## Supplied material:
--------

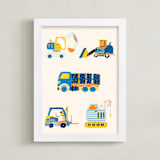 "The Truck Gang" - Art Print in Periwinkle by Kartika Paramita - Framed
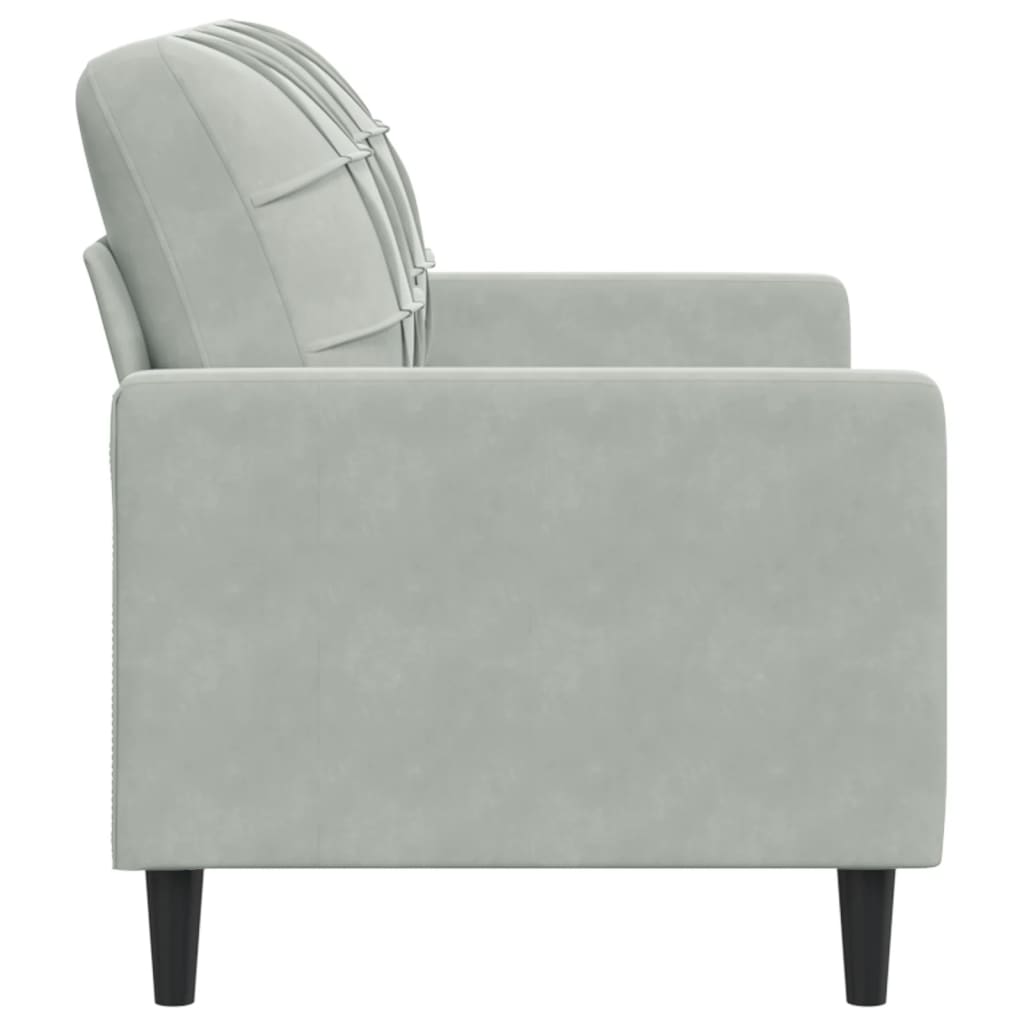 Canapé 2 places gris clair 120 cm velours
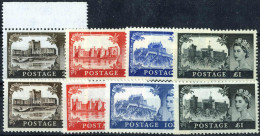 ** 1955/67, Postage Stamps, Four Mintnever Hinged Different Series With Mi. 278/81 I (Waterlow), Mi.335/38 I+II De La Ru - Other & Unclassified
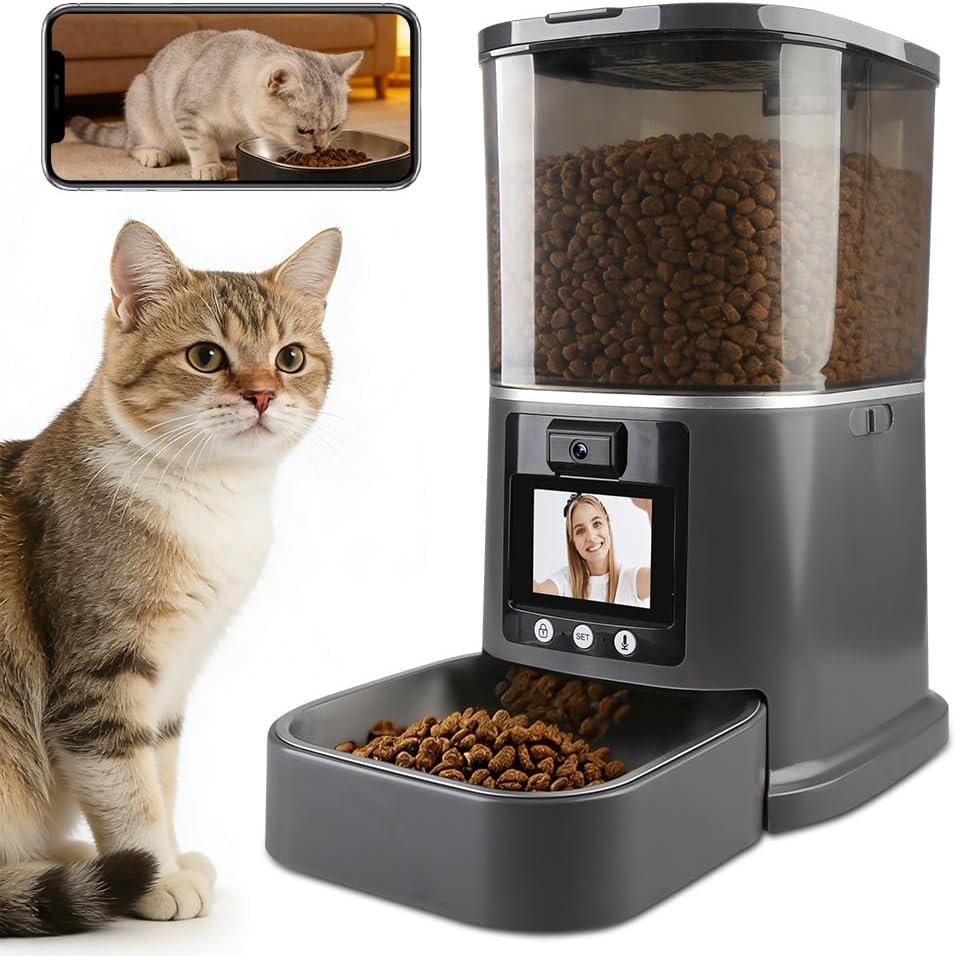 Automatic Cat Feeder with Camera Two-Way Video/Autio 5G WiFi, 5L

--------

## What you should do:
All of the lines above should be printed exactly, minus the pictures.

## Response:
 "The Truck Gang" - Art Print in Periwinkle by Kartika Paramita - Framed
 Canapé 2 places gris clair 120 cm velours
 ** 1955/67, Postage Stamps, Four Mintnever Hinged Different Series With Mi. 278/81 I (Waterlow), Mi.335/38 I+II De La Ru - Other & Unclassified
 Automatic Cat Feeder with Camera Two-Way Video/Autio 5G WiFi, 5L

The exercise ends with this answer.